---------- Dataset records ----------

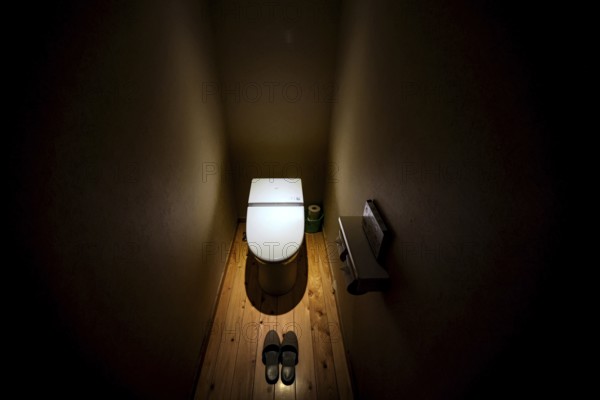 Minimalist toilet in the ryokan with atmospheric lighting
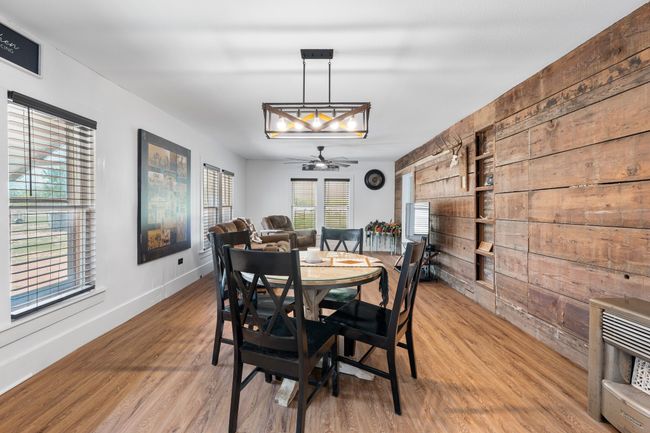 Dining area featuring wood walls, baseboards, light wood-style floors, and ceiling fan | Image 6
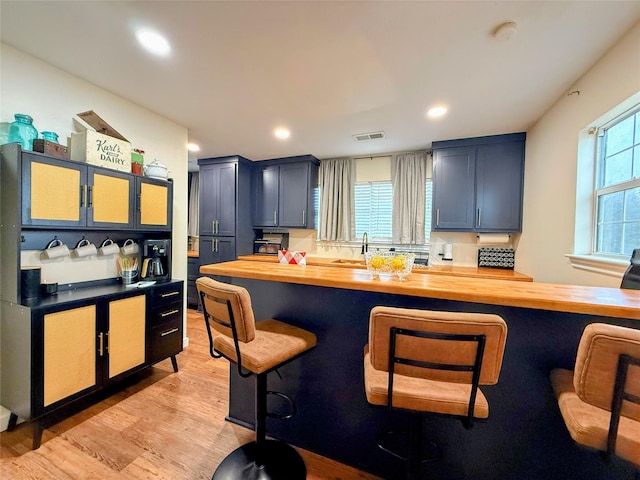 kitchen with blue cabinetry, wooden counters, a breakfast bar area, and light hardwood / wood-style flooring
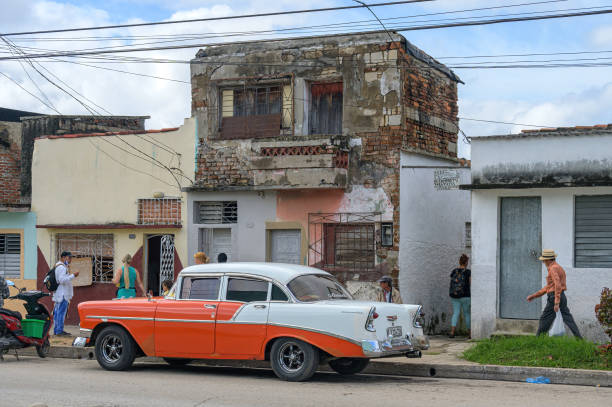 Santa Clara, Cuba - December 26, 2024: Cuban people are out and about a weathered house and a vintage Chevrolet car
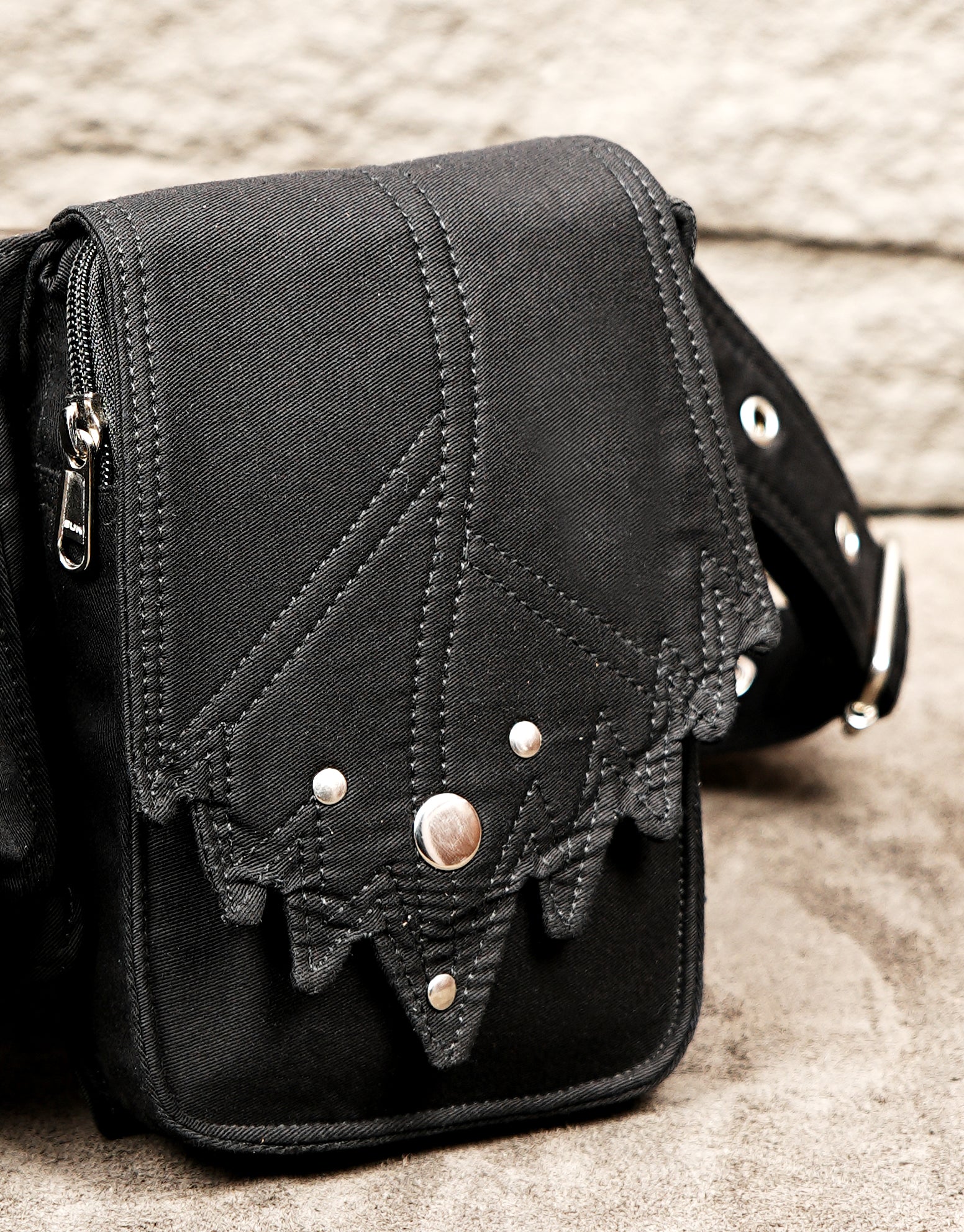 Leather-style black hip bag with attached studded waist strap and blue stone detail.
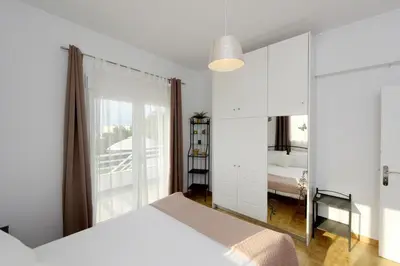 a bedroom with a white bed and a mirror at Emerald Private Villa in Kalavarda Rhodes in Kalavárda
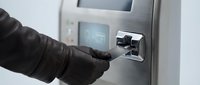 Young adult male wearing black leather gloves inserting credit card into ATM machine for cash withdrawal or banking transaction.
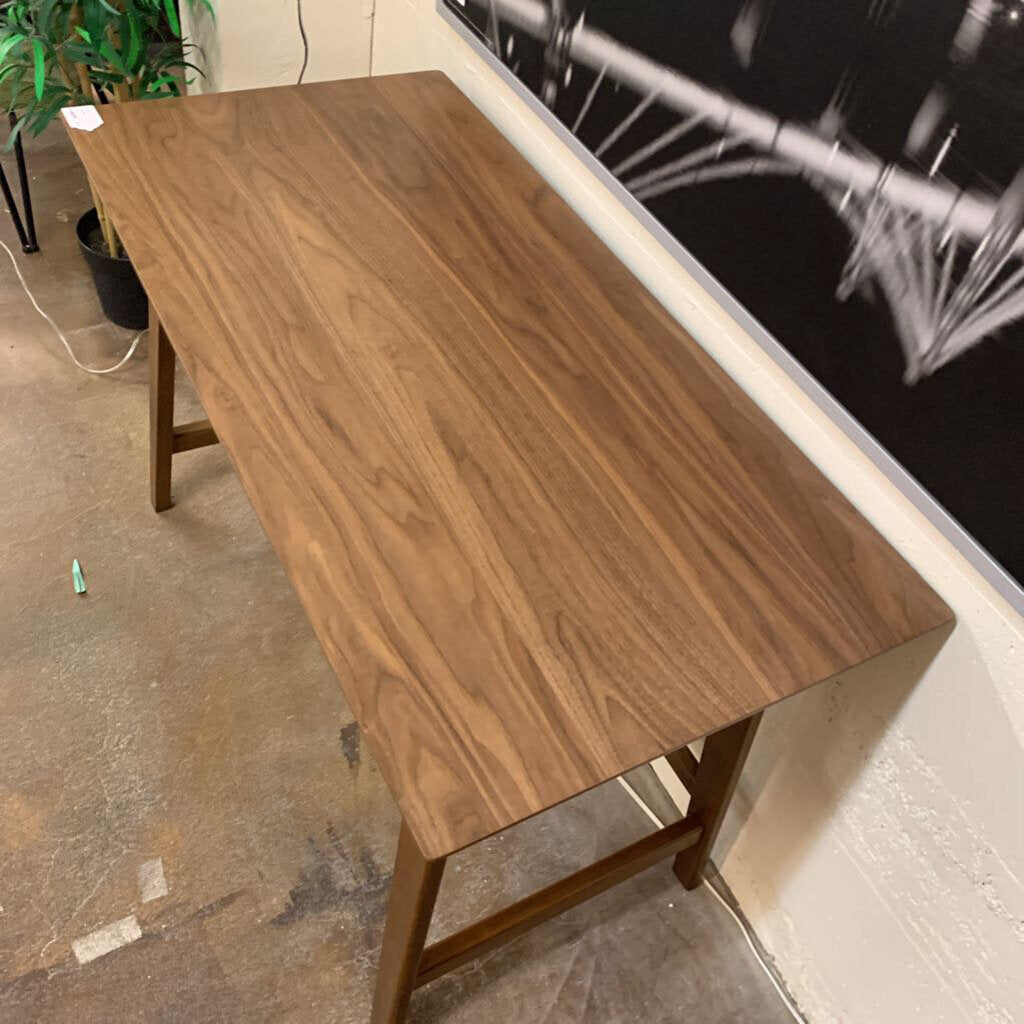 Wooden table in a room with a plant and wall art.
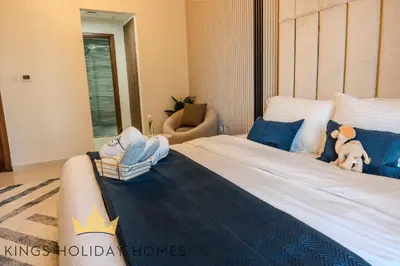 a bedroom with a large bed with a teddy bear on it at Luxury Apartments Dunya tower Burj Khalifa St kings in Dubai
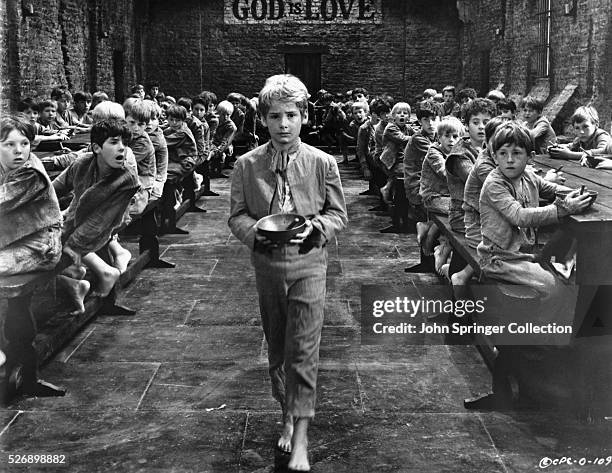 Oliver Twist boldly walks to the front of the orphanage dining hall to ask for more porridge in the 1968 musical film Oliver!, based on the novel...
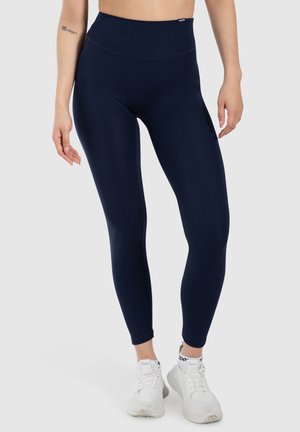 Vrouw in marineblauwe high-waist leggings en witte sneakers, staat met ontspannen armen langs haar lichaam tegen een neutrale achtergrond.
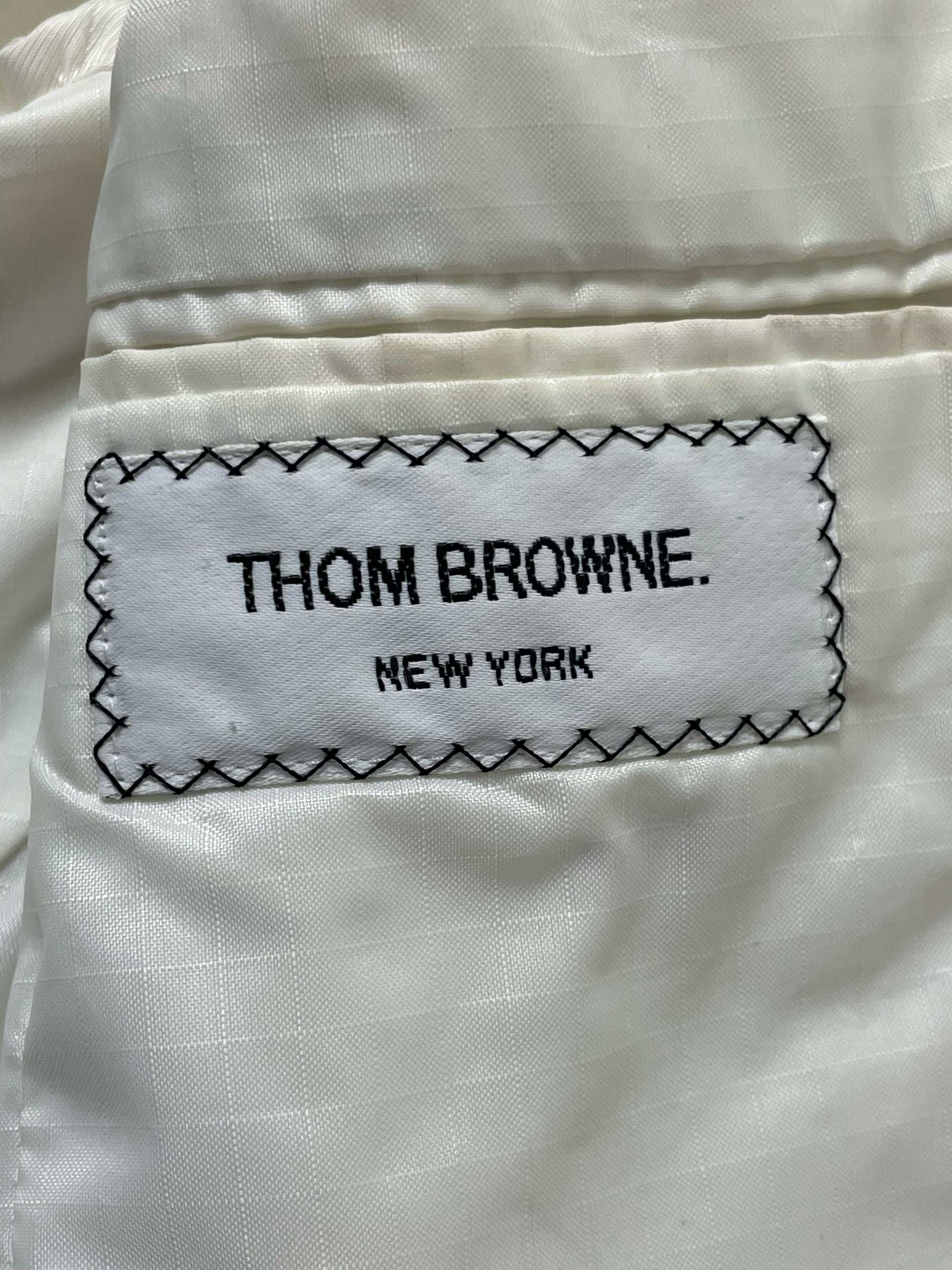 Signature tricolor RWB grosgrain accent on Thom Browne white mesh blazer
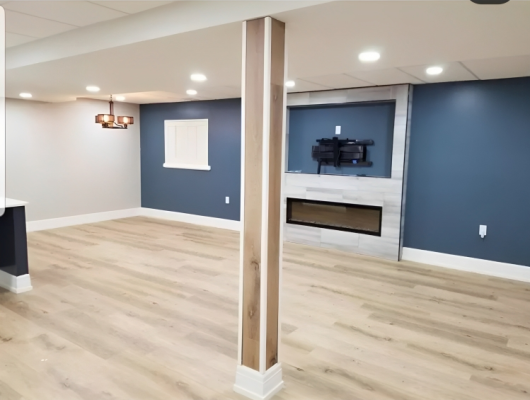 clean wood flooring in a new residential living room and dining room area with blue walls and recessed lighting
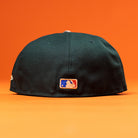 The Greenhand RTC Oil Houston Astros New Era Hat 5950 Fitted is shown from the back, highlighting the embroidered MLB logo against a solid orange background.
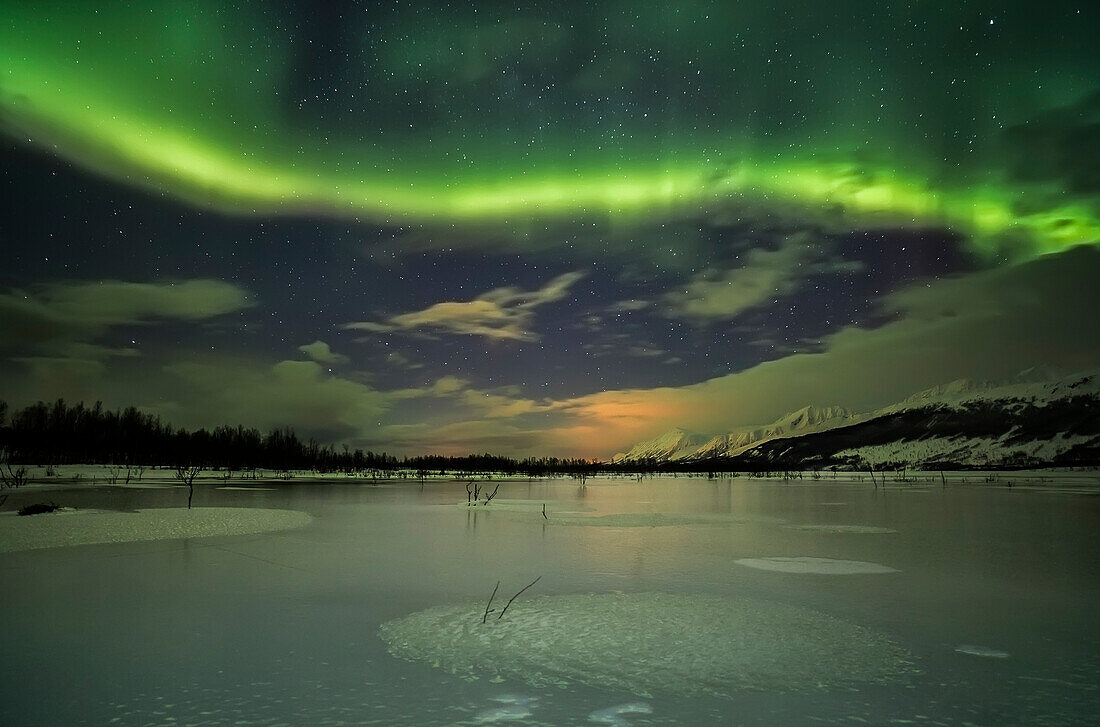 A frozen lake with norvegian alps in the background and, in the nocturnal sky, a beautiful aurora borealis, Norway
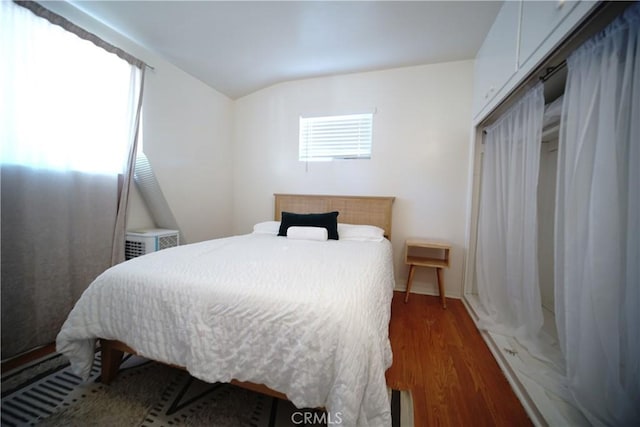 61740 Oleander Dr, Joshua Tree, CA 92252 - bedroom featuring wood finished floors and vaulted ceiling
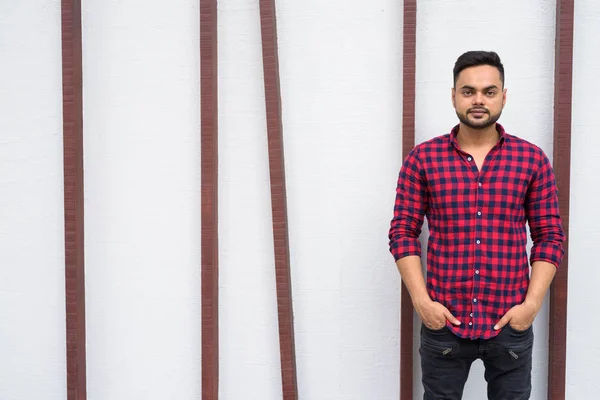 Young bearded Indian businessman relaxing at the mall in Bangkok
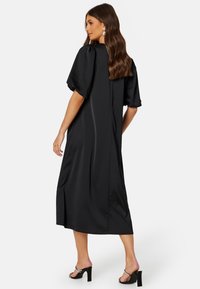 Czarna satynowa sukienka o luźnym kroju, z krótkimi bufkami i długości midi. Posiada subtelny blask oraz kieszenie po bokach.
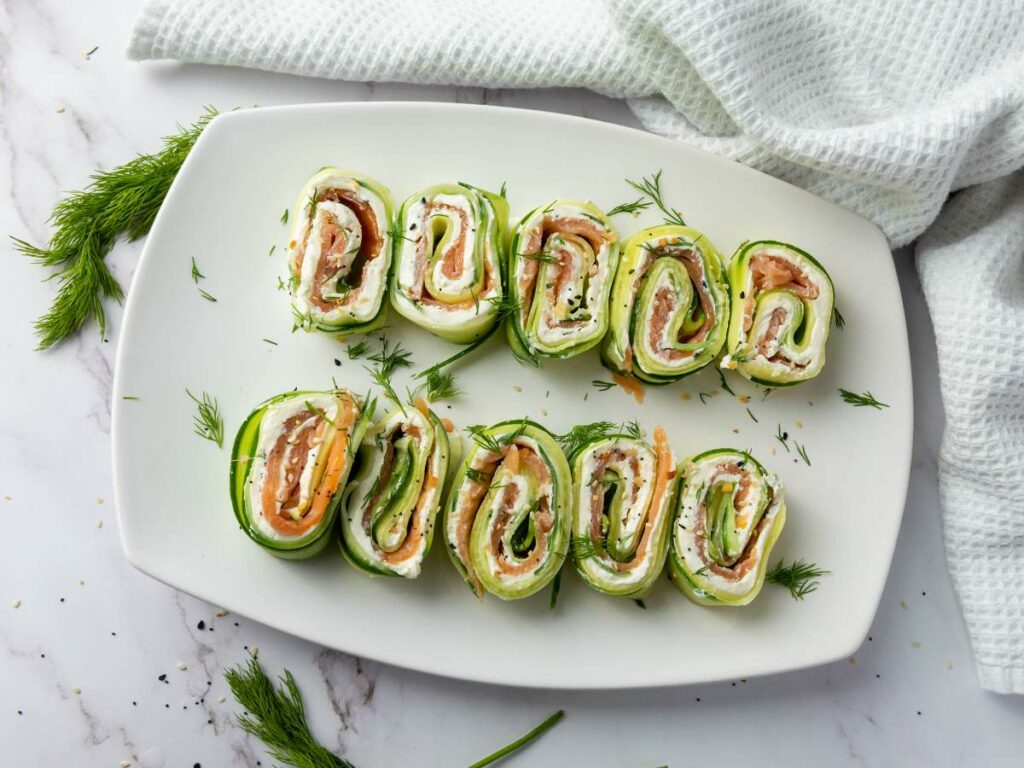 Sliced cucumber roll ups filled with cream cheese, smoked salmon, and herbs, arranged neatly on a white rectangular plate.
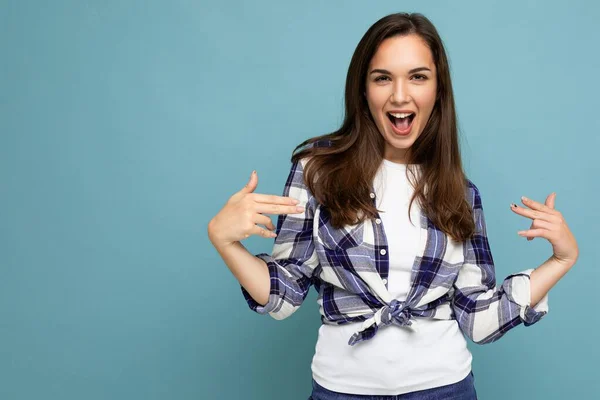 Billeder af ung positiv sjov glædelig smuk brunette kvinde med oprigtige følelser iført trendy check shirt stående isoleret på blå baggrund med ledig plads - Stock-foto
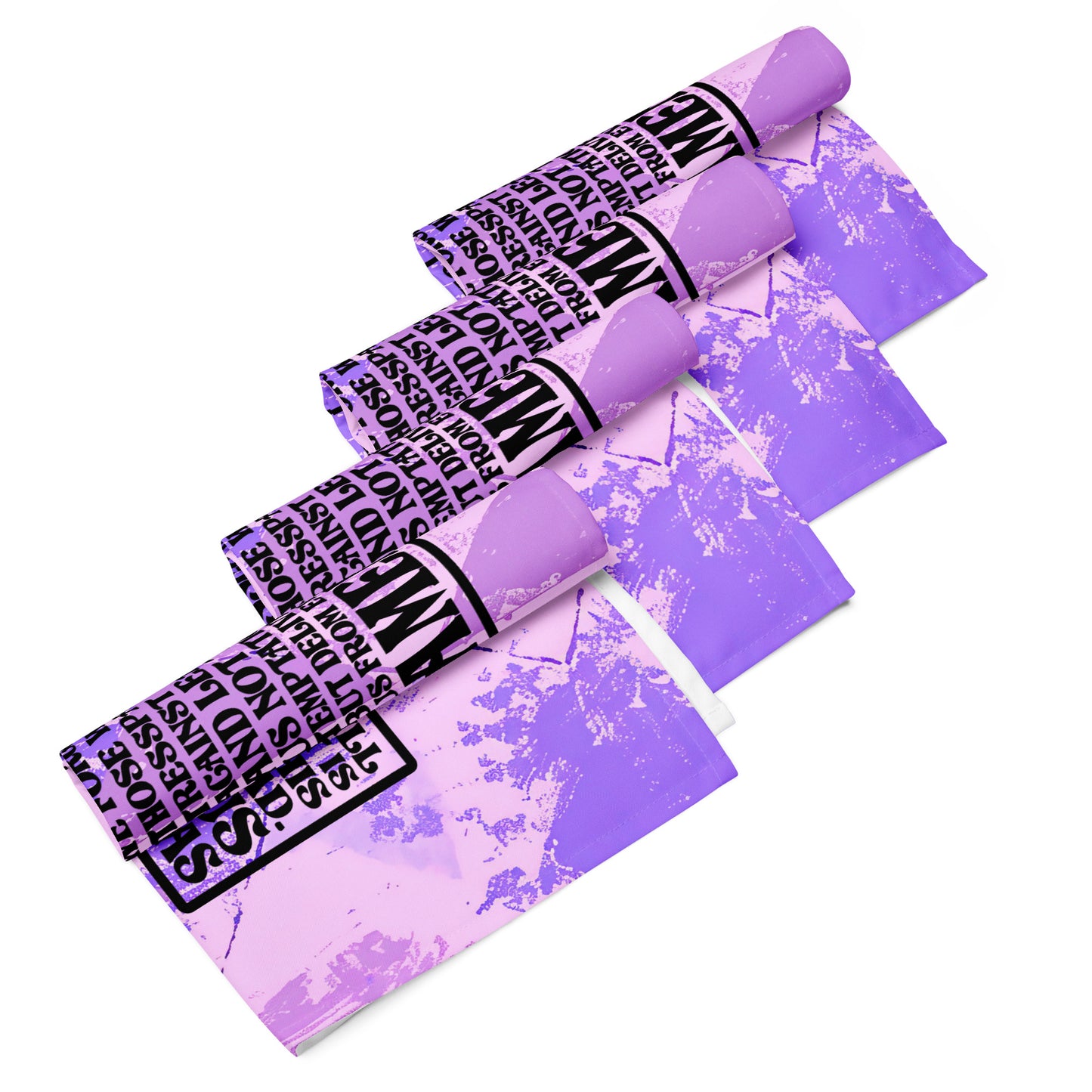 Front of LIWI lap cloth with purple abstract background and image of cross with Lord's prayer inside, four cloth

----------

Work item ->
What belongs in the answer is each line above from the line with "a bedroom with a white" to the line with "a bedroom with a large", inclusive, reproduced exactly and free of pictures.

Answer to this task ->
 a bedroom with a white bed and a mirror at Emerald Private Villa in Kalavarda Rhodes in Kalavárda
 Young adult male wearing black leather gloves inserting credit card into ATM machine for cash withdrawal or banking transaction.
 Wooden table in a room with a plant and wall art.
 a bedroom with a large bed with a teddy bear on it at Luxury Apartments Dunya tower Burj Khalifa St kings in Dubai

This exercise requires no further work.